■ **Exercise goal**: Could every line of the data be copied out once more, exactly?
☆ ☆ ☆
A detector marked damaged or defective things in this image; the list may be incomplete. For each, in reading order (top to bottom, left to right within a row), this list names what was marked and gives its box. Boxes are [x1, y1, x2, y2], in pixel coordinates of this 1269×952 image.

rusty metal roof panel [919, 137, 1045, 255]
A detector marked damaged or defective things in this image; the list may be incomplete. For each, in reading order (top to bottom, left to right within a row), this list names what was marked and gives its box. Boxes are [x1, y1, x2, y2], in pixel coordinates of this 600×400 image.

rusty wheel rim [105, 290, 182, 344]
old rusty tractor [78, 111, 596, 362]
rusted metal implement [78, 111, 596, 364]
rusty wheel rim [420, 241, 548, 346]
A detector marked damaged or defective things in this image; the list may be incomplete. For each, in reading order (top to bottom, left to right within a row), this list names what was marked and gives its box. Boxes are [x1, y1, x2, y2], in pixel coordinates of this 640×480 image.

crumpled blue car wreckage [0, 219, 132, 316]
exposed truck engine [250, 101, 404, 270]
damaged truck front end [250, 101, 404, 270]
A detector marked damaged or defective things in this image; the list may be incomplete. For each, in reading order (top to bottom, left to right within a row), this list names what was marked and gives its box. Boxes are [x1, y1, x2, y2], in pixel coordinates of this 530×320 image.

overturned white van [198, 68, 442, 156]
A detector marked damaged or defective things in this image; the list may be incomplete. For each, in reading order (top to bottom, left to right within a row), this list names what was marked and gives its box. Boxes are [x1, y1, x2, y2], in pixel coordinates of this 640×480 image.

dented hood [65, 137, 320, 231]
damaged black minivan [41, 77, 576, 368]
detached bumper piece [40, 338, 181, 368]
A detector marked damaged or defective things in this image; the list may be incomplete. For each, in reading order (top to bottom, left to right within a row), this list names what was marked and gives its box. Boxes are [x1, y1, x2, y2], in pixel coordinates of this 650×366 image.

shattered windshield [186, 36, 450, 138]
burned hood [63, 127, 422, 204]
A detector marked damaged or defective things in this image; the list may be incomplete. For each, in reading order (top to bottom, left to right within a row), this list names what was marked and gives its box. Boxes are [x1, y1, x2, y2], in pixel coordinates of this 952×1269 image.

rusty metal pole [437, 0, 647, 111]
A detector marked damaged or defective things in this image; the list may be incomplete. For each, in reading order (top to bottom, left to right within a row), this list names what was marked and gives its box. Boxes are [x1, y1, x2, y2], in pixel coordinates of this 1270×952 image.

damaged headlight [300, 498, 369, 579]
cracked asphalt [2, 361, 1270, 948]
☆ ☆ ☆
■ **Reply to the task**:
A detector marked damaged or defective things in this image; the list may be incomplete. For each, in reading order (top to bottom, left to right within a row), this list names what was marked and gives its box. Boxes are [x1, y1, x2, y2], in pixel coordinates of this 1269×952 image.

rusty metal roof panel [919, 137, 1045, 255]
A detector marked damaged or defective things in this image; the list may be incomplete. For each, in reading order (top to bottom, left to right within a row), this list names what was marked and gives its box. Boxes are [x1, y1, x2, y2], in pixel coordinates of this 600×400 image.

rusty wheel rim [105, 290, 182, 344]
old rusty tractor [78, 111, 596, 362]
rusted metal implement [78, 111, 596, 364]
rusty wheel rim [420, 241, 548, 346]
A detector marked damaged or defective things in this image; the list may be incomplete. For each, in reading order (top to bottom, left to right within a row), this list names what was marked and gives its box. Boxes are [x1, y1, x2, y2], in pixel coordinates of this 640×480 image.

crumpled blue car wreckage [0, 219, 132, 316]
exposed truck engine [250, 101, 404, 270]
damaged truck front end [250, 101, 404, 270]
A detector marked damaged or defective things in this image; the list may be incomplete. For each, in reading order (top to bottom, left to right within a row), this list names what was marked and gives its box. Boxes are [x1, y1, x2, y2], in pixel coordinates of this 530×320 image.

overturned white van [198, 68, 442, 156]
A detector marked damaged or defective things in this image; the list may be incomplete. For each, in reading order (top to bottom, left to right within a row), this list names what was marked and gives its box. Boxes are [x1, y1, x2, y2], in pixel coordinates of this 640×480 image.

dented hood [65, 137, 320, 231]
damaged black minivan [41, 77, 576, 368]
detached bumper piece [40, 338, 181, 368]
A detector marked damaged or defective things in this image; the list may be incomplete. For each, in reading order (top to bottom, left to right within a row), this list names what was marked and gives its box. Boxes are [x1, y1, x2, y2], in pixel coordinates of this 650×366 image.

shattered windshield [186, 36, 450, 138]
burned hood [63, 127, 422, 204]
A detector marked damaged or defective things in this image; the list may be incomplete. For each, in reading order (top to bottom, left to right within a row), this list names what was marked and gives its box. Boxes are [x1, y1, x2, y2], in pixel coordinates of this 952×1269 image.

rusty metal pole [437, 0, 647, 111]
A detector marked damaged or defective things in this image; the list may be incomplete. For each, in reading order (top to bottom, left to right within a row), this list names what was marked and gives its box. Boxes are [x1, y1, x2, y2], in pixel coordinates of this 1270×952 image.

damaged headlight [300, 498, 369, 579]
cracked asphalt [2, 361, 1270, 948]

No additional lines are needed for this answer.